A group of Jewish-Israeli and Palestinian-Israeli students at the University of Haifa are currently working to offer solutions to a problem which has resulted in division on their campus and sent waves through Israeli society.
Two years ago, a number of Arab students refused to stand up when “Hatikvah”, Israel’s national anthem, was played at their law school graduation ceremony. The Palestinian-Israeli students argued that “Hatikvah” is a purely Jewish and Zionist anthem that ignores their very existence as citizens of Israel. Some said that singing the anthem would be tantamount to denying their own identity.
Responding to their sentiments, the dean of the law school decided to cancel the singing of “Hatikvah” at the 2011 graduation ceremony. However, following a public outcry, the outgoing president of the university decreed that “Hatikvah” must be played at all university commencement ceremonies.
The debate surrounding “Hatikvah” is not limited to the University of Haifa. More recently, a Palestinian-Israeli Supreme Court Judge, Salim Jubran, stood out of respect during the playing of “Hatikvah” at an official function, but did not sing along with his colleagues. A nation-wide uproar followed with some right-wing members of the Knesset claiming Justice Jubran had been disrespectful.
Prime Minister Netanyahu surprised many by expressing his view that Justice Jubran did show respect by standing, but should not be expected to sing the lyrics, which describe 2,000 years of exile and the Jewish soul’s yearning for the return to Zion, as they do not relate to him as a Palestinian citizen of Israel.

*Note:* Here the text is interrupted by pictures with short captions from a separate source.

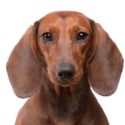 dachshund names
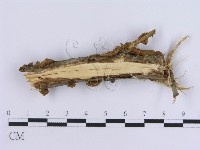 登錄號:F0015806藏品圖，第4張
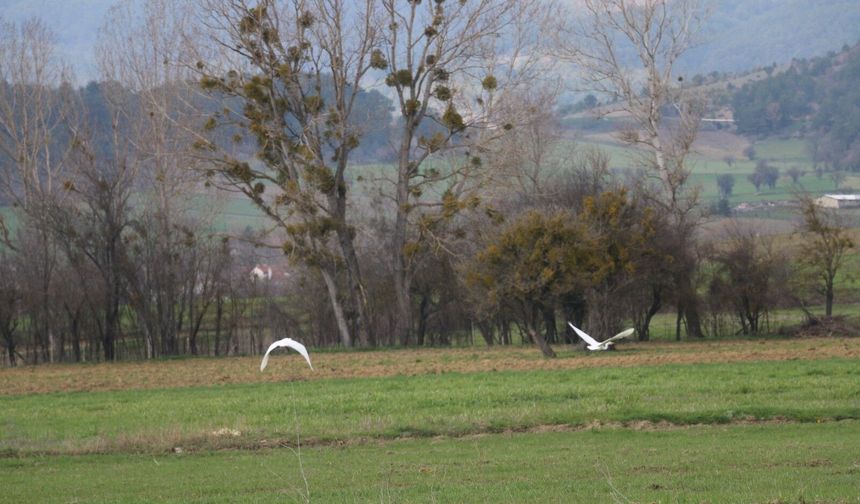 Bolu’da doğaseverleri büyüleyen nadir kuş sürüsü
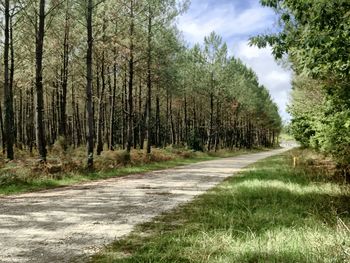 Road amidst trees in forest against sky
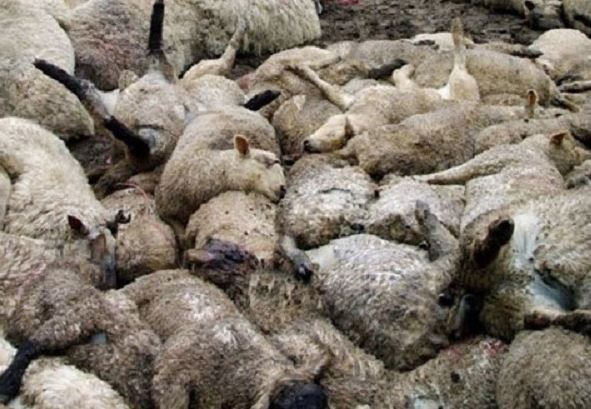 Bí ẩn hàng loạt vụ động vật 'chán đời' tự tìm đến cái chết, khoa học khó lý giải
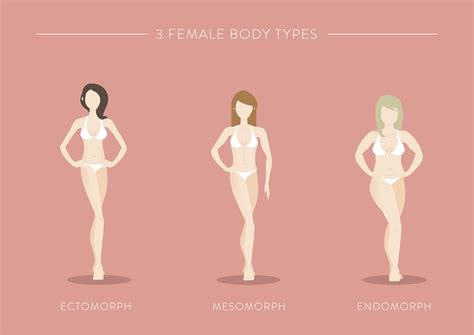 What your body type means — endomorph, mesomorph and ectomorph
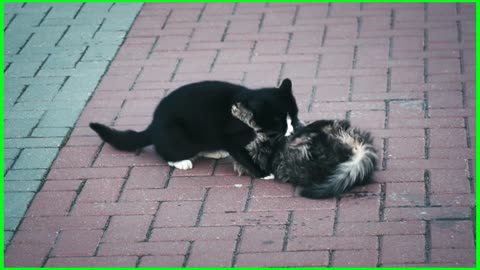 Two Cats Loving And Playing On the Floor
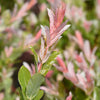 Pair of Flamingo Willow Salix 'Hakuro-nishiki' Trees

To tackle this issue, which gets to the heart of Jewish-Palestinian tensions in Israel, a group of 22 students from the University of Haifa’s MA programme for Peace and Conflict Management met on campus this summer to hold an intensive workshop. The students – including Jewish-Israelis, Palestinian-Israelis and international Jewish and non-Jewish students – spent two days locked in a process of trying to reach a consensus on the issue of “Hatikvah”.
Facilitated by Professor Edy Kaufman, the consensus-building process employed was based on a conflict resolution method known as A.R.I.A. The method, developed by Dr Jay Rothman, consists of four stages: Adversarial, Reflective, Integrative and Action. This process is designed to resolve identity-based conflicts by encouraging creative thinking and a sense of common responsibility among participants who represent opposing sides in a conflict.
The process was at times highly emotional and conflictive, but yielded surprising results.
The first major surprise came in the form of an across-the-board consensus that “Hatikvah” ignores the existence of the Palestinian citizens of Israel. Palestinian-Israelis and Jewish-Israelis, with other internationals representing the side they most identify with, all agreed that something must be done to address the issue of Palestinian exclusion from such a central and powerful symbol of citizenship.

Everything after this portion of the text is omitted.